3.2 Measurement Errors: Uncorrelated Errors

One of the most important sources of error in sample surveys is the discrepancy between the recorded and the “true” micro-data. These inconsistencies may be due to response errors or to oversights in the processing phase prior to estimation. Irrespective of the reasons, the effects of errors on estimates are seldom negligible, so we need to evaluate their size and causes.

Involuntary errors in reporting values of some phenomena (e.g. the size of one’s dwellings), due to rounding or to lack of precise knowledge, may still cause serious problems for estimators.

Consider a continuous variable \(X\) measured with an additive error: \(Y=X+\varepsilon \).
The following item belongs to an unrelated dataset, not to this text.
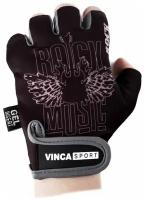 Перчатки велосипедные ROCK гелевые вставки VINCA SPORT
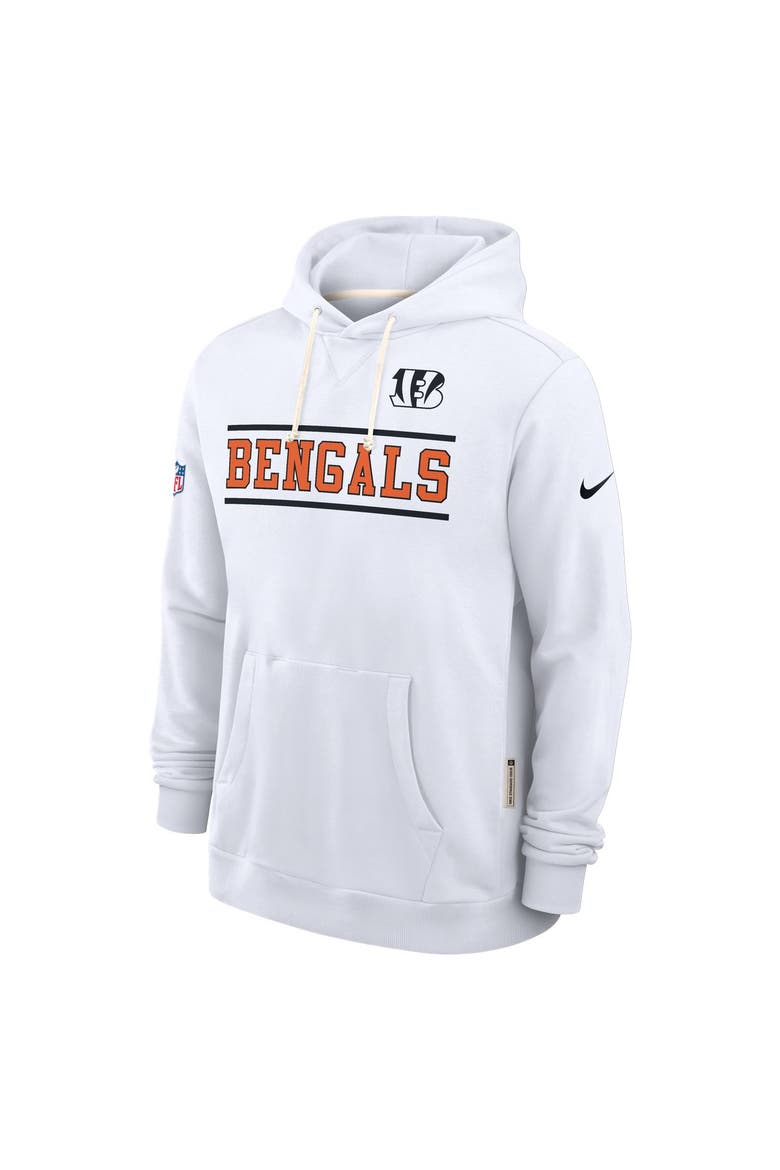 Men's Nike White Cincinnati Bengals Standard Issue Replay Officials Alternate Dri-FIT Hoodie, Alternate, color, White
The measure \(Y\) differs from the true value \(X\) by a random component with the following properties: \(E(\varepsilon )=0\); \(E(X,\varepsilon )=\sigma _{X,\varepsilon }= 0\); \(E(\varepsilon ^2)= \sigma ^2_\varepsilon \). This type of disturbance is called homoscedastic and with uncorrelated measurement error. Under these assumptions, the average of \(Y\) is an unbiased estimator of the unobservable variable \(X\)–as \(E(Y)=E(X)\)–while the variance of \(Y\) is a biased estimator of the variance of \(X\). In fact

$$\begin{aligned} \sigma ^2_Y=\sigma ^2_X+\sigma ^2_\varepsilon =\frac{\sigma ^2_X}{\lambda ^2}, \end{aligned}$$
(4)

where \(\lambda ^2= \sigma ^2_X/\sigma ^2_Y\) is the reliability coefficient. Therefore, the index \(\lambda \) is the ratio of the \(X\) and \(Y\) variances (Lord and Novick 1968).Footnote 14

Under these assumptions, we can determine the equivalent size of a sample, i.e. the size that would yield the same variance of the sample mean if there were no measurement error: \(n^*=\lambda ^2 \cdot n\). If there were no error, equally precise estimates could be obtained with smaller samples (for instance, by 36 %, \((1- \lambda ^2)\), with a reliability index \(\lambda = 0.8\)).
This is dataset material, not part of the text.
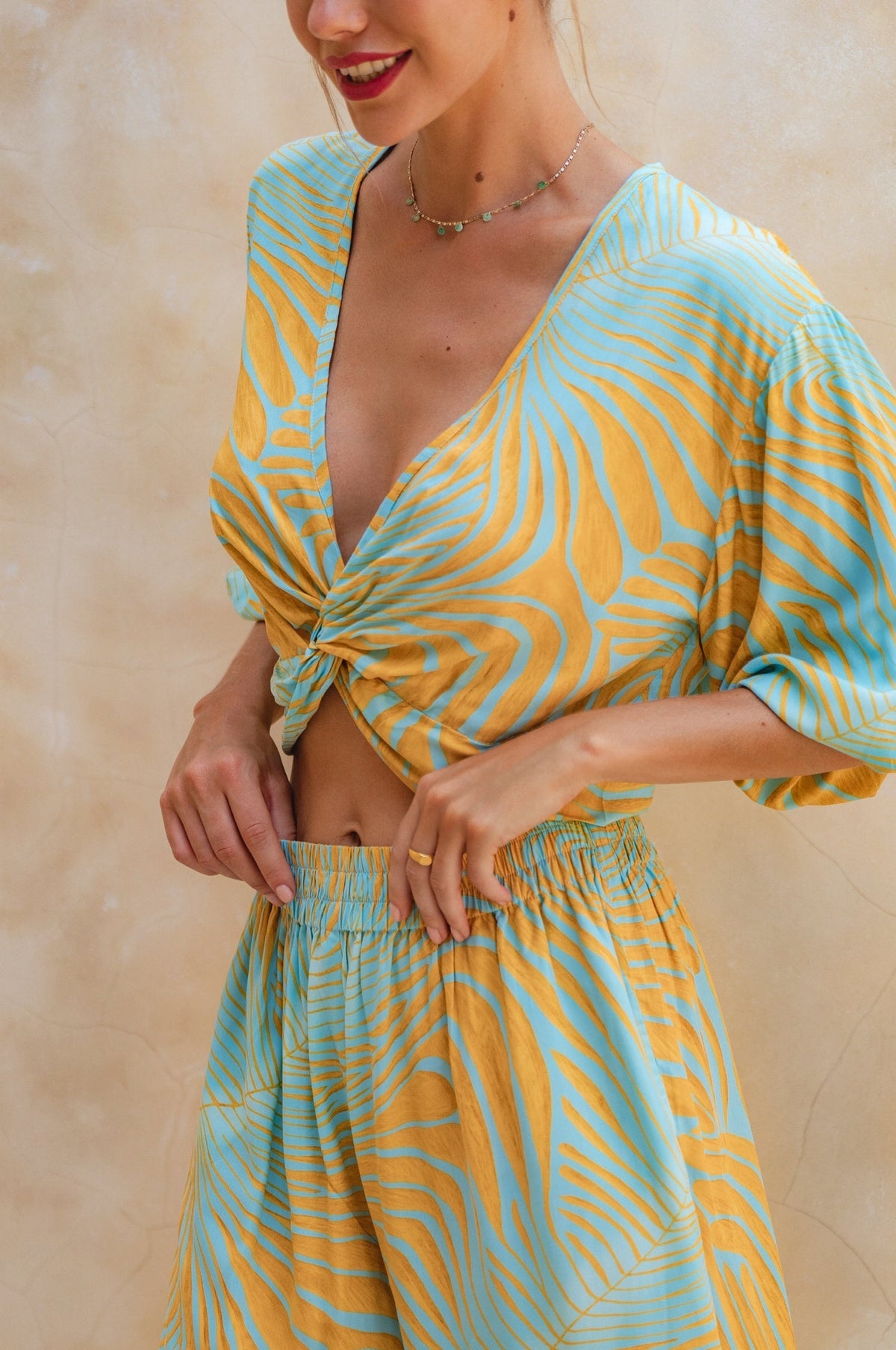 Fatima Cropped Summer Top (Sale)-3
In correlation analysis, if measurement error on \(X\) is assumed to be uncorrelated with \(X\) and with another variable \(Z\), measured free of error, then the correlation coefficient between \(X\) and \(Z\) is attenuated with intensity proportional to the reliability index of \(Y\): \(\rho _{Y,Z}=\lambda _Y \rho _{X,Z}\). If \(Z\) is also measured with error, \(W = Z + \eta \), with the \(\eta \) error of the same type as above and uncorrelated with \(\varepsilon \), the correlation coefficient is attenuated even more: \(\rho _{Y,W}=\lambda _Y \lambda _W \rho _{X,Z}\). In simple regression analysis too, measurement errors in independent variables lead to a downward bias in the parameter estimates (attenuation). In a multiple-regression context, measurement errors in independent variables still produce bias, but its direction can be either upward or downward. Random measurement error in the dependent variable does not bias the slope coefficients but does lead to larger standard errors.
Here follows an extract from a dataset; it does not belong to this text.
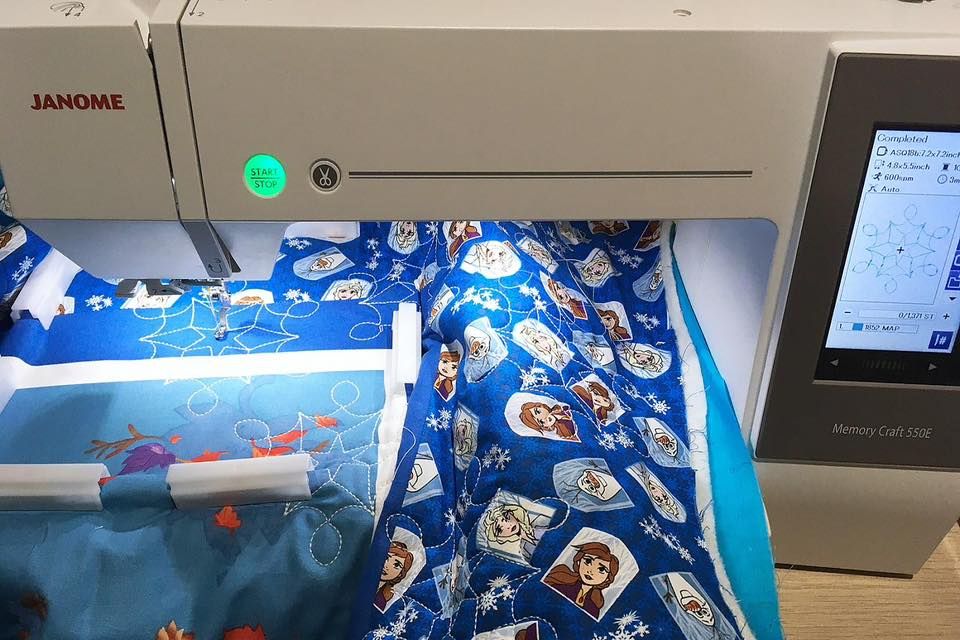 Embroidery “Quilting” Demonstration, Pleasuresew, Capalaba, 24 July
The foregoing makes it clear that even unbiased and uncorrelated measurement errors may produce serious estimation problems.

How can we get a measure of the reliability of survey variables? A first possibility for time-invariant variables is the use of information collected over time on the same units (panel). In our survey half the sample is composed of panel households. If we assume that the measures of time invariant variables are independent (a plausible assumption for a survey conducted at two-year intervals), a comparison over time gives an indication of reliability.

Let \(Y_s\) and \(Y_t\) be the values observed in two subsequent waves, with additive errors: \(Y_s=X+\varepsilon _s\) and \(Y_t=X+\varepsilon _t\). Under the assumptions that

$$\begin{aligned} E(\varepsilon _s,\varepsilon _t)= 0\, \text{ and}\, E(X,\varepsilon _{s})= E(X,\varepsilon _{t}) = 0, \ \ \forall \ s,t=1,\ldots ,T, \ \ \ s \ne t, \end{aligned}$$
(5)

the correlation coefficient between the two measurements \(Y_s\) and \(Y_t\) equals the square of the reliability index: \(\rho _{Y_s,Y_t}=\lambda ^2\). If there is no measurement error, the coefficient equals 1. Hence, a reduction in the precision of the data collection process or in the reliability of the respondents’ answers lowers the correlation coefficient.

If we consider the surface area of the primary dwelling (computed only for households who did not move and did not incur extraordinary renovation expenses between the two survey waves), the correlation coefficient is 0.65 (and the reliability index \(\lambda =0.80\)). For the year of house construction, the correlation coefficient is still lower \((\rho =0.55)\); in 73 % of the cases, the spread is less than five years, but sometimes it is much greater, probably reflecting response difficulties for houses that have been heavily renovated.

Another variable that is subject to inconsistency is the year when the respondents started working. The usual problems of recall are presumably aggravated in this instance by a certain degree of ambiguity in the question: it is not clear whether occasional jobs or training periods should be included or not. Out of 6,708 individuals who answered the question both in 2006 and 2008, 40.6 % gave answers that do not match; linear correlation was only 0.71.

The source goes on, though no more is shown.